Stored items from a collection
****************************************

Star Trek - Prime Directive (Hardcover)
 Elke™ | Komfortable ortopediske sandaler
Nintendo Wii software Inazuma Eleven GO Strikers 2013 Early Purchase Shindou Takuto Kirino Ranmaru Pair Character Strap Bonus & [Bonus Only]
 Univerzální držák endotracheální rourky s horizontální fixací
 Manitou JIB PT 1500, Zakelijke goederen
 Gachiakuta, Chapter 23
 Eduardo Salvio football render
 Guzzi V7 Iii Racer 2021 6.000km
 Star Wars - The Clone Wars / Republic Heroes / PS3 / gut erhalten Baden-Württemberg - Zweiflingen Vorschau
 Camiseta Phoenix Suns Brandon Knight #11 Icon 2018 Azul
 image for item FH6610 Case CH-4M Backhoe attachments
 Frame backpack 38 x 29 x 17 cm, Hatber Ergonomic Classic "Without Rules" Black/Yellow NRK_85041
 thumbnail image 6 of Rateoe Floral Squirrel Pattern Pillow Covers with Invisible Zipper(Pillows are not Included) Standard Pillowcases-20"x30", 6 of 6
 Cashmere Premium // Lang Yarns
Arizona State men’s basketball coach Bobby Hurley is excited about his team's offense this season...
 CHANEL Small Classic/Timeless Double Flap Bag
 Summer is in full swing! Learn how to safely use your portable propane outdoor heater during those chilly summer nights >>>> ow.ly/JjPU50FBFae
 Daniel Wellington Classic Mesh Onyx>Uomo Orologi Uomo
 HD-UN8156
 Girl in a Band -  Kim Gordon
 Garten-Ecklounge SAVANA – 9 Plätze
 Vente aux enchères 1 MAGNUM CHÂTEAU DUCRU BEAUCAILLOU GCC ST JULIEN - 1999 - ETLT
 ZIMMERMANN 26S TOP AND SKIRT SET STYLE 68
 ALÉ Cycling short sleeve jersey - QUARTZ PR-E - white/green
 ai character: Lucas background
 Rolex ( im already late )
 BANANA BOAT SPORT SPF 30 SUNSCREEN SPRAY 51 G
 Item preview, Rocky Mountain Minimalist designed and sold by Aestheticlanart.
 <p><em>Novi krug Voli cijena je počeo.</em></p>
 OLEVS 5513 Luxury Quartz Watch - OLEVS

****************************************

- _WORK INSTRUCTION_:
Scan the entries and show every line in which the word "Star" is found.

- _RESPONSE AREA_:
Star Trek - Prime Directive (Hardcover)
 Star Wars - The Clone Wars / Republic Heroes / PS3 / gut erhalten Baden-Württemberg - Zweiflingen Vorschau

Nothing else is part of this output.